It seems simple, lifting your horses forehand while driving the back. However, the cause of heaviness on the forehand is a balance issue. So if you begin retraining by holding up your hands and asking more leg, your horse, who has not been trained to carry himself properly, is going to lean on your hands. As soon as you drop them, your horse could tumble, and you would follow right over his head.

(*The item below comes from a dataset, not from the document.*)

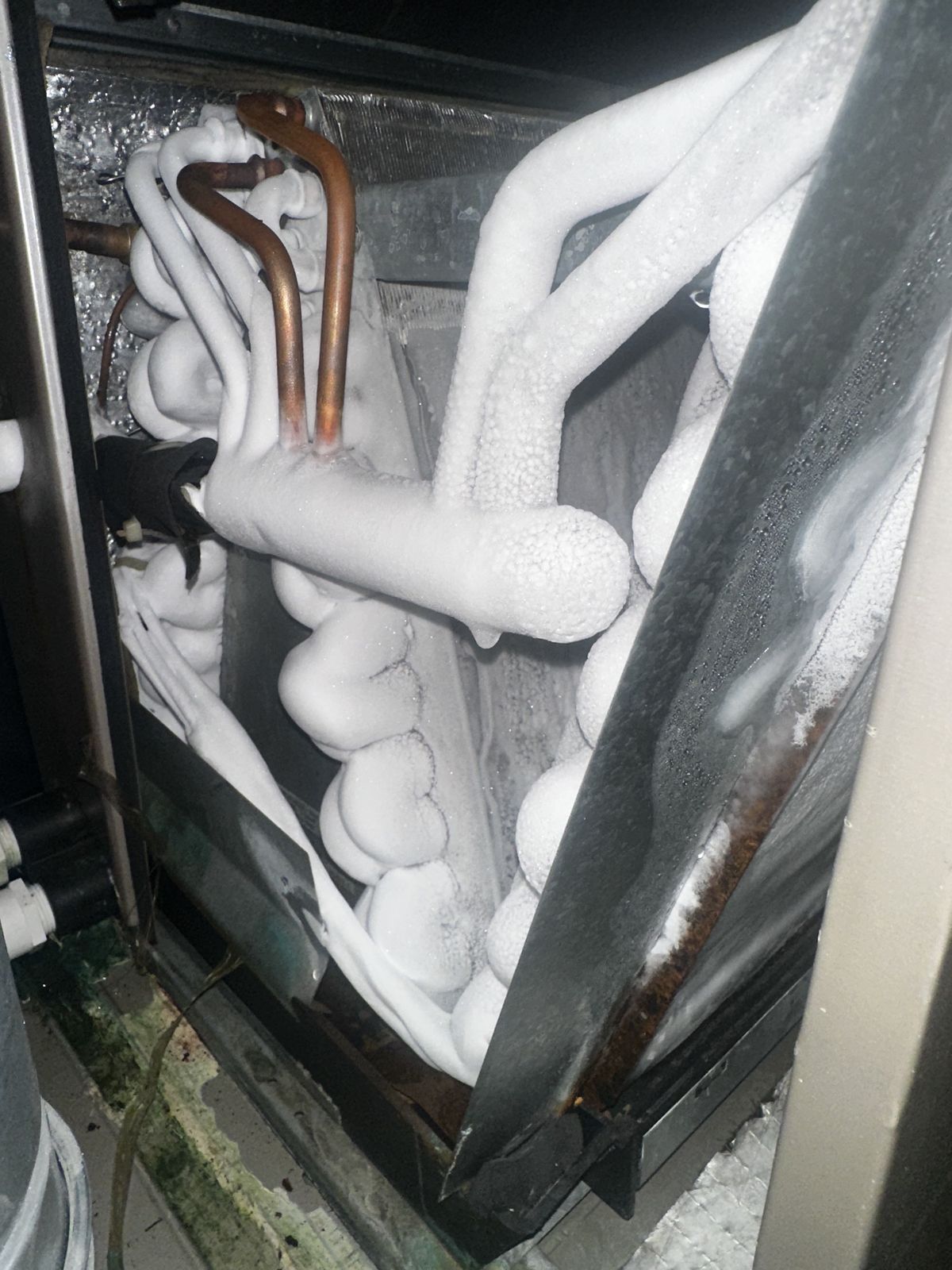 A frozen evaporator coil, a common air conditioning failure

I am training my horse to do the same. I like to work in a large circle, because the inside flexion (poll) is causing her to lighten on my hands. With gentle squeezes on the reins, (like a sponge) I'm asking her to stretch towards the bit. She now has a pretty head set, but only for a step or two at the most. After I have rewarded her with a subtle "give" of my hands (either opening your fingers or pushing your hands forward) I remind her again that I want her to be light, and start the process again. It's important to ask for lightness at the walk, trot, and eventually canter. Transitions really help. My exercise is just what I use for training my horse, and it's going to be different for everyone. The idea is there, asking for lightness, rewarding, and repeating. You may see silght results by the end of your work, but it may be a quicker response to your hands. Real enforcement and work in this area will ultimately be the "cure" for a heavy horse. Yes, your inside arm will probably want to fall off by the end of it :)
On a side note..
It's so important to reward for lightness. So many riders cling literally on their horse's mouth, trying to "hold" their head down in a fake head set, trying to get them on the bit. That is where heavy horses learn their bad habits, to balance on your hands, and have a weak back end.
So there, my first post on this forum, ande competing to be my longest, is hopefully going to help you.